▶ **YOUR TASK**
Among the lines below, keep only those from the one containing "Horse Cave Apartment" through the one containing "80 Mill Street Conway NH 03813", and reproduce them exactly.

▶ **RAW DATA**

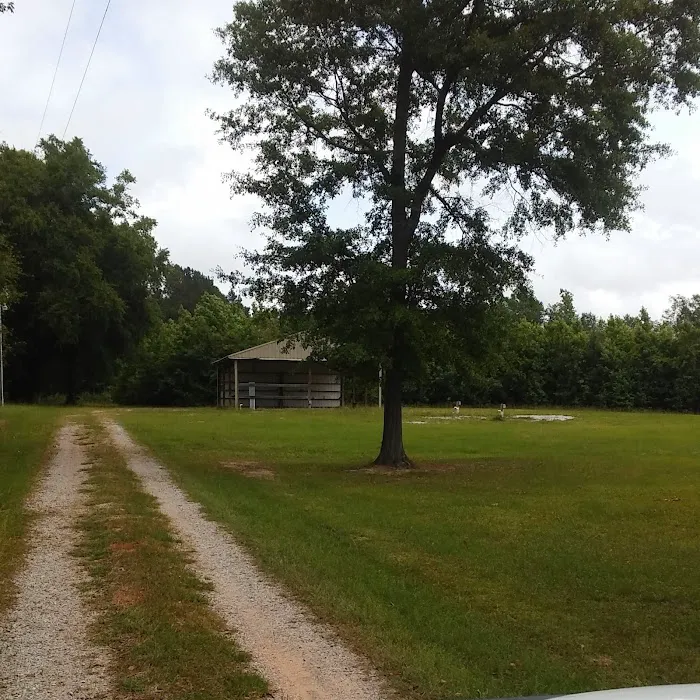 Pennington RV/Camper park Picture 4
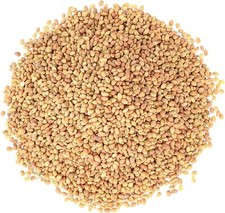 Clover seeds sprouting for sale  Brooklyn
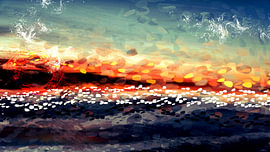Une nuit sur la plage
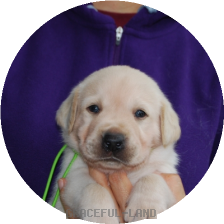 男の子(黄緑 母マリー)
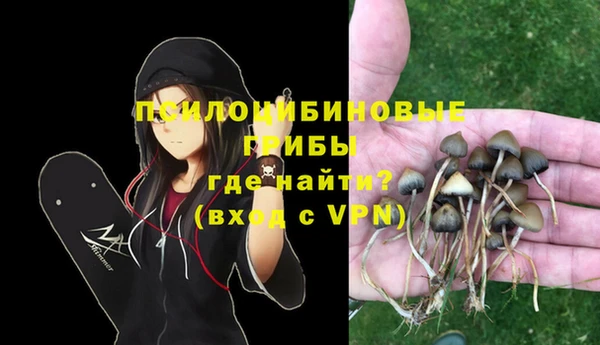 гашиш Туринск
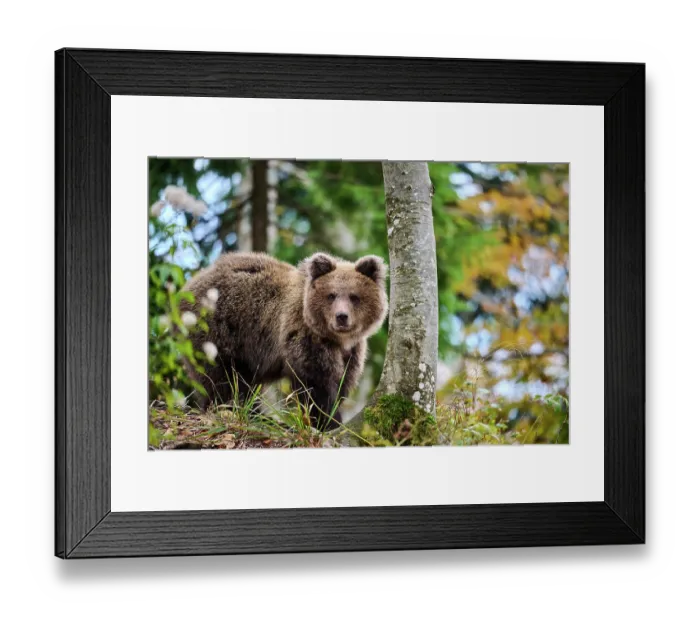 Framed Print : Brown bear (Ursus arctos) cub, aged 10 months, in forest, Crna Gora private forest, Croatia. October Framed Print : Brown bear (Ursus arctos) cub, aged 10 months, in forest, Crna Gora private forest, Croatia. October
* * *
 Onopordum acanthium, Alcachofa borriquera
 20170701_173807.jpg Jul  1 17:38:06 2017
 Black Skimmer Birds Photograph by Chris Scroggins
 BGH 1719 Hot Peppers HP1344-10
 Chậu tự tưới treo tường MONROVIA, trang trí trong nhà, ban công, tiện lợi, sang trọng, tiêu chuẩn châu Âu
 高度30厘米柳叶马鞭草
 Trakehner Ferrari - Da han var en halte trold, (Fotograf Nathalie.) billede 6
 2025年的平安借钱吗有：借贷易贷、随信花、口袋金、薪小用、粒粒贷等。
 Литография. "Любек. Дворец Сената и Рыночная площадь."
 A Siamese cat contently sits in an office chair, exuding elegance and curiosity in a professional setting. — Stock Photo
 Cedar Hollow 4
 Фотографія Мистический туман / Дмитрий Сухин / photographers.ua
---
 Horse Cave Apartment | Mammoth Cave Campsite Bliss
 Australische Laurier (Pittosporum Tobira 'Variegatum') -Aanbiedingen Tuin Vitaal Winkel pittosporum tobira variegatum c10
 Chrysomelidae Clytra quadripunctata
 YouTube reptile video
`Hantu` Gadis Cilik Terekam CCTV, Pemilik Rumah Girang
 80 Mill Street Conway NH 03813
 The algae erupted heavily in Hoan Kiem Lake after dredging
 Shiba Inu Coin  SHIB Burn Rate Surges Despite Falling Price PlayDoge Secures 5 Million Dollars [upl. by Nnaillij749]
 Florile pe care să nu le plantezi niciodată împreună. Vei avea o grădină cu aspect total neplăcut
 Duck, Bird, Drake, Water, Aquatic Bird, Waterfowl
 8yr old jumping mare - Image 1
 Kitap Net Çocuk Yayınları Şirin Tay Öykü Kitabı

▶ **SOLUTION FOR THIS PROBLEM**
 Horse Cave Apartment | Mammoth Cave Campsite Bliss
 Australische Laurier (Pittosporum Tobira 'Variegatum') -Aanbiedingen Tuin Vitaal Winkel pittosporum tobira variegatum c10
 Chrysomelidae Clytra quadripunctata
 YouTube reptile video
`Hantu` Gadis Cilik Terekam CCTV, Pemilik Rumah Girang
 80 Mill Street Conway NH 03813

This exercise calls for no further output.